(Publié dans GralsWelt 14/2000)
Aide au développement ratée, communisme brisé : la foi en l'avenir repose-t-elle sur l'islam ?
Après la fin de la Seconde Guerre mondiale, les villes détruites en Europe, comme en Extrême-Orient, ont été reconstruites plus rapidement que prévu. Commence alors un temps d'espoir : l'économie mondiale se développe et tout semble faisable avec la technologie et la démocratie. Parce qu'il n'y a pas eu qu'un seul « miracle économique » allemand ; mais aussi la montée du Japon ou le développement rapide de la Corée du Sud après la guerre de Corée (1953) semblaient confirmer toutes les prévisions optimistes.

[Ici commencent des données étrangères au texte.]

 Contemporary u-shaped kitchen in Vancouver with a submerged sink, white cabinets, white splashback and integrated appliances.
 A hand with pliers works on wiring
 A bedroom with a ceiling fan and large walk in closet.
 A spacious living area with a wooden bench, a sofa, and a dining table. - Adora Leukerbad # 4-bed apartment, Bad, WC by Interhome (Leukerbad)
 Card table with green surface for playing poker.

Cet optimisme ne se limitait pas au monde « capitaliste ». Même au-delà du "rideau de fer", le peuple était convaincu qu'il réussirait à construire son pays et à franchir le pas vers un avenir meilleur.
Je crie malheur à ce monde :
J'appelle malheur parce que je l'aime;
Je crie malheur trois fois parce que, cruellement,
ce qu'elle promet, elle ne le tient pas pour les affamés.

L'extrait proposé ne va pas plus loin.